(Records to process begins)

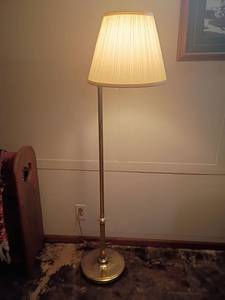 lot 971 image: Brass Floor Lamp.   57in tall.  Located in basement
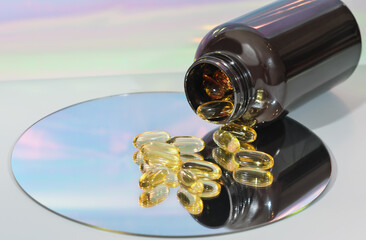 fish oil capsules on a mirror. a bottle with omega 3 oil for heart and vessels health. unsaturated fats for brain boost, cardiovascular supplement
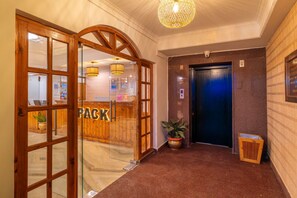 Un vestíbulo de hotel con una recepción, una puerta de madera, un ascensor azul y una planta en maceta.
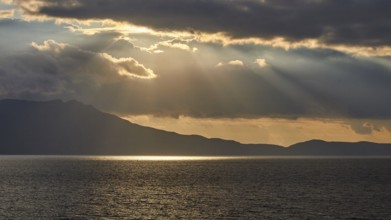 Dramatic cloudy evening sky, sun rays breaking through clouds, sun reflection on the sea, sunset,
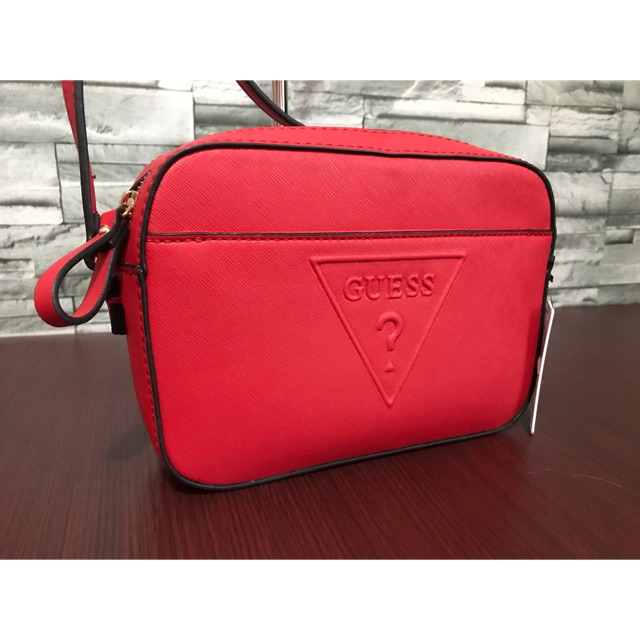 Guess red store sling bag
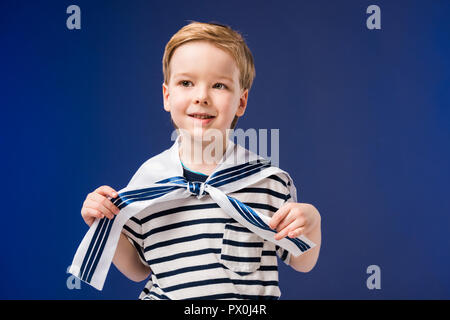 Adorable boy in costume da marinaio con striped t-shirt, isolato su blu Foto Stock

(Records to process ends)

## Exercise details
Everything in the entries above should be returned exactly, apart from the pictures.

## Solution for this problem
 lot 971 image: Brass Floor Lamp.   57in tall.  Located in basement
 fish oil capsules on a mirror. a bottle with omega 3 oil for heart and vessels health. unsaturated fats for brain boost, cardiovascular supplement
 Un vestíbulo de hotel con una recepción, una puerta de madera, un ascensor azul y una planta en maceta.
 Dramatic cloudy evening sky, sun rays breaking through clouds, sun reflection on the sea, sunset,
 Guess red store sling bag
 Adorable boy in costume da marinaio con striped t-shirt, isolato su blu Foto Stock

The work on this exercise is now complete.